Make as much functionality as is possible with the resources, as
opposed to making a fixed required functionality whatever the cost.
-
a)Since we planned to train 4 programmers, training 8 is not going
to take much extra effort. But communication between 8 programmers
will be substantially more than between 4. It is not clear if the
work can be divided over 8 programmers.
b)Intuitively it should. But if we compare the communication
according to the C = 0.5*n*(n-1) estimate, we see:
1 project, n=4 C=6 versus n=8 C=28, factor 5.
2 subprojects, n=2x2, C=2x1 versus n=2x4, C=2x6, factor 6.

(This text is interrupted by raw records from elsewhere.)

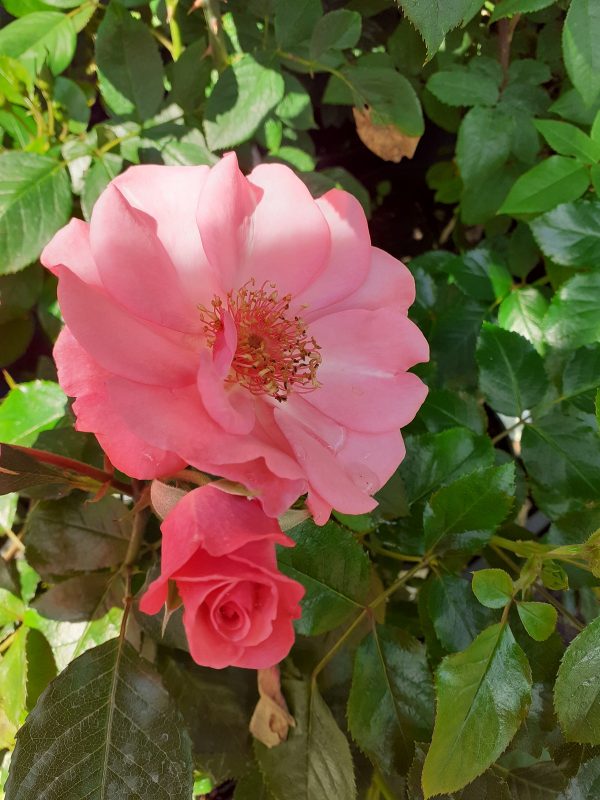 Rosa 'Friend for Life'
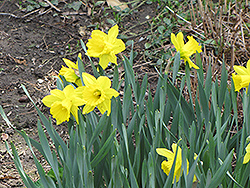Dutch Master Daffodil (Narcissus 'Dutch Master') at Canadale Nurseries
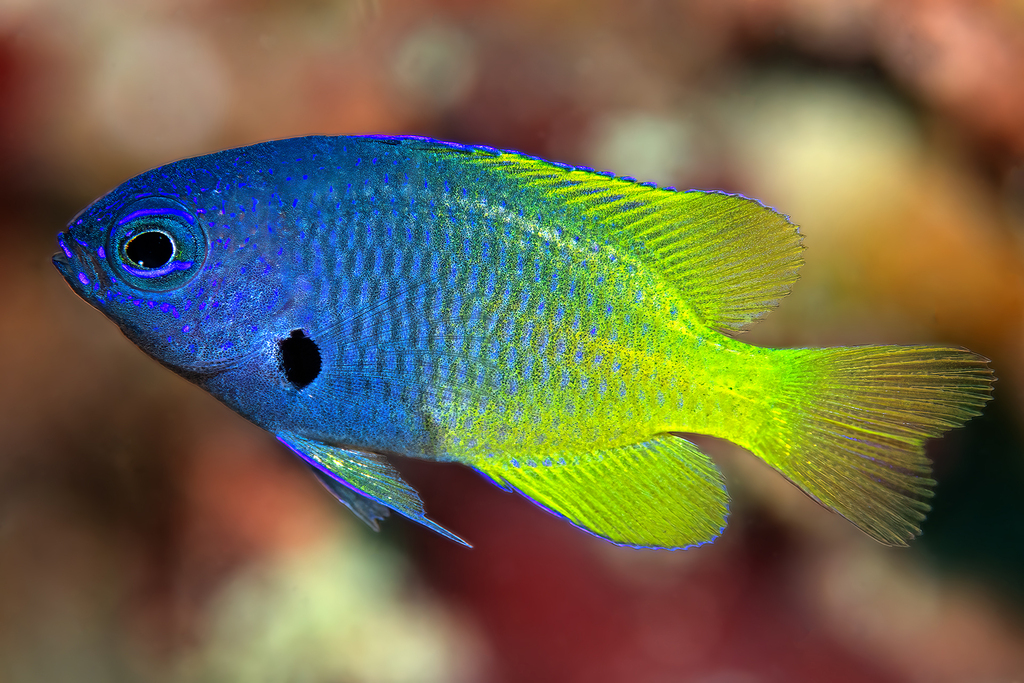 Blackmargined damsel (Pomacentrus nigromarginatus) — Pomacentridae
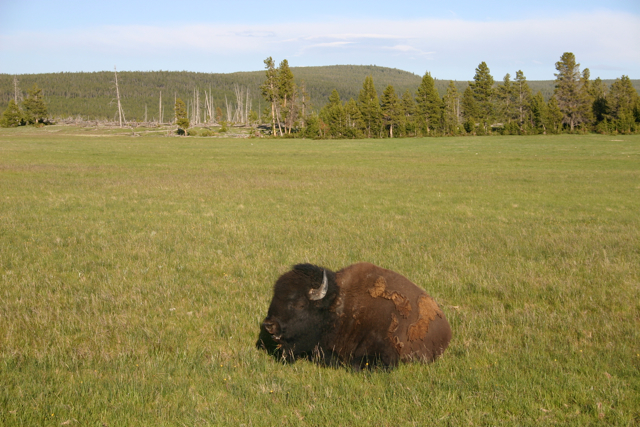 Bison Closeup at Yellowstone National Park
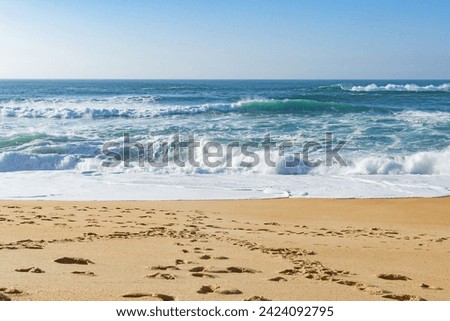 Beautiful ocean waves on a golden sand beach. Alone with nature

So the factor of increased communication hardly differs, but the
absolute amount of communication increases less with 2 subprojects.
- a) The following points you must do, or assume that you have
done them already:
- write down the process that your team follows
- collect data to prove that you actually follow this process
- now you can apply for certification
- set aside time and money for assessments
For the other departments, you should
- Study their process (the one that they actually follow, and
also the one on paper, if they have).
- Discuss possible improvements (based on your process)
- Motivate the department to go for quality, and to carry out
the steps above.
b)To see certification as the goal, and quality as the medium,
rather than the other way around.
To impose your process on other departments.
To impose a quality programme without support from "below".